I once had a conversation with one of the team looking after my ex, and they said much the same thing. They also implied that it was about the only thing going for the job, because the conditions were shit, and the money pretty bad unless you were a charge nurse or ward manager. They described the profession as a "Cinderella", which seemed only too accurate to me: there is something of a recruitment crisis for psychiatric nurses (there was at this time, anyway), which meant that a lot of the people were not-very-good bank staff, or students, mostly with English as a second language, which makes working with the patients very difficult - for patients AND staff. And, with morale often being low, attitudes could often be pretty dodgy, too - there was quite a lot of hostility and negativity towarts patients, especially ones who were perceived as being "difficult". And, I have to say, quite a lot of overmedication - I had to intervene a couple of times when it seemed to me that they were being a bit free with the Largactyl. In fact, the chap I remonstrated with was later recorded in a TV documentary boasting about how he'd take bets on which PRN (patient request) medications he could persuade patients to take...
This was in a particular area of London, though, and the ward in question was known as a particularly bad one to work on - they had a very high abscondment/suicide/assault rate on the ward, poor ward management, a Trust that was on its knees with various high-profile cockups, and all the rest of it, so this may not be a typical picture.
Again, this is not accurate for CAMHS, which is what the OP was asking about. Not to say it has no place on the thread, but its not that helpful if someone is thinking about working with children.

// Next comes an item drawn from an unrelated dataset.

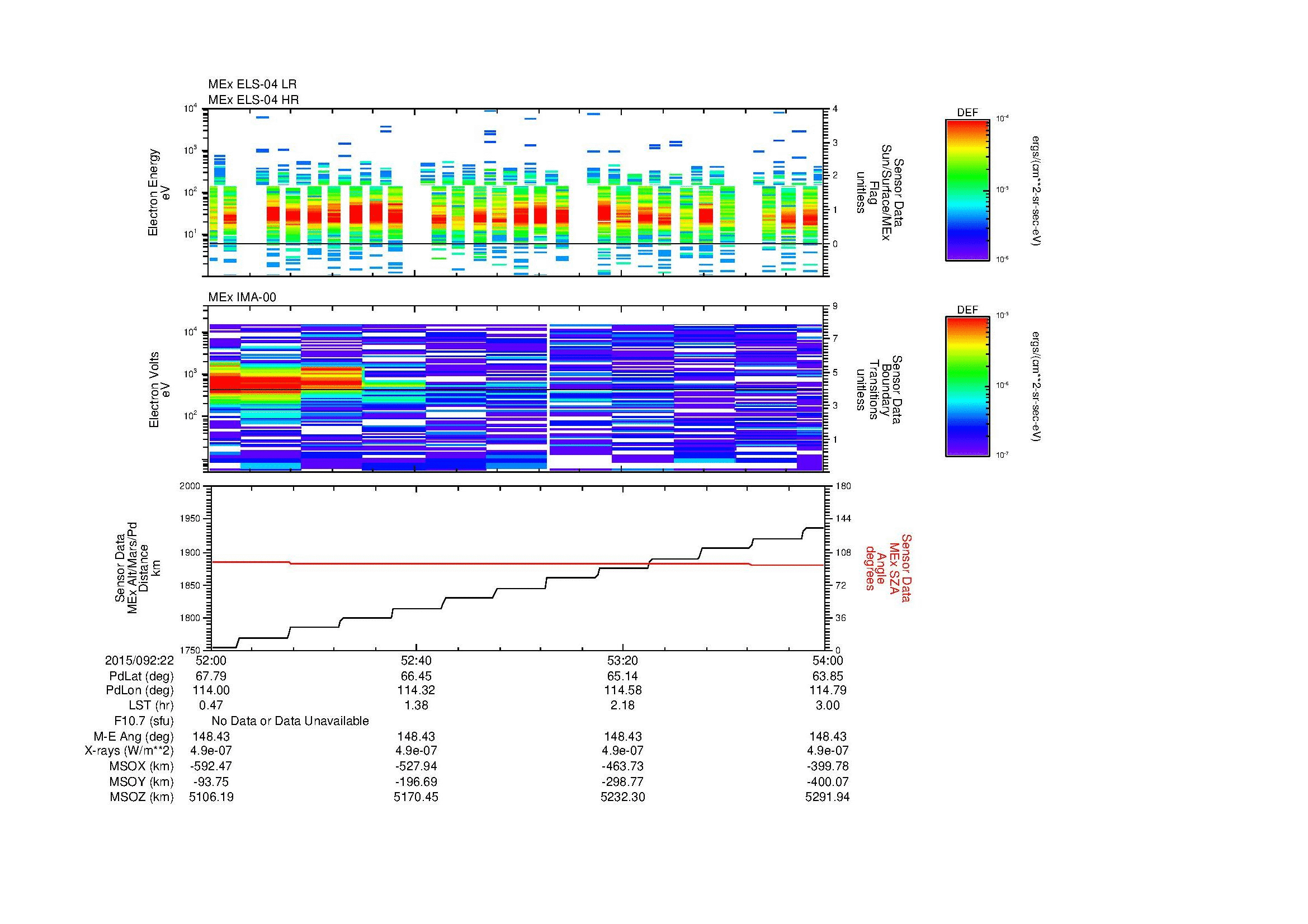 SurveyImages/MAVion_MExMPB_2015092_2252_2015092_2254_C_Quicklook_ELS04_IMA00.gif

We used to get students like you describe and they were awful, really frighteningly bad. No sense at all of someone's distress having meaning. It was "but what about meds?" when they were told to go get to know the children. Their experience had only been of adult acute and it made me very angry to see that old-fashioned psychiatric technique is still very much out there. These students just didn't get that our approach was talking and thinking and even if they had, their English was often simply not up to it. On the other hand, we get paeds student nurses on placement who are invariably excellent, love how we work, and get jobs with us after qualifying.
Child and Adolescent Mental Health Services for those that don't.
most of the nurses, well at least 50% were Africans.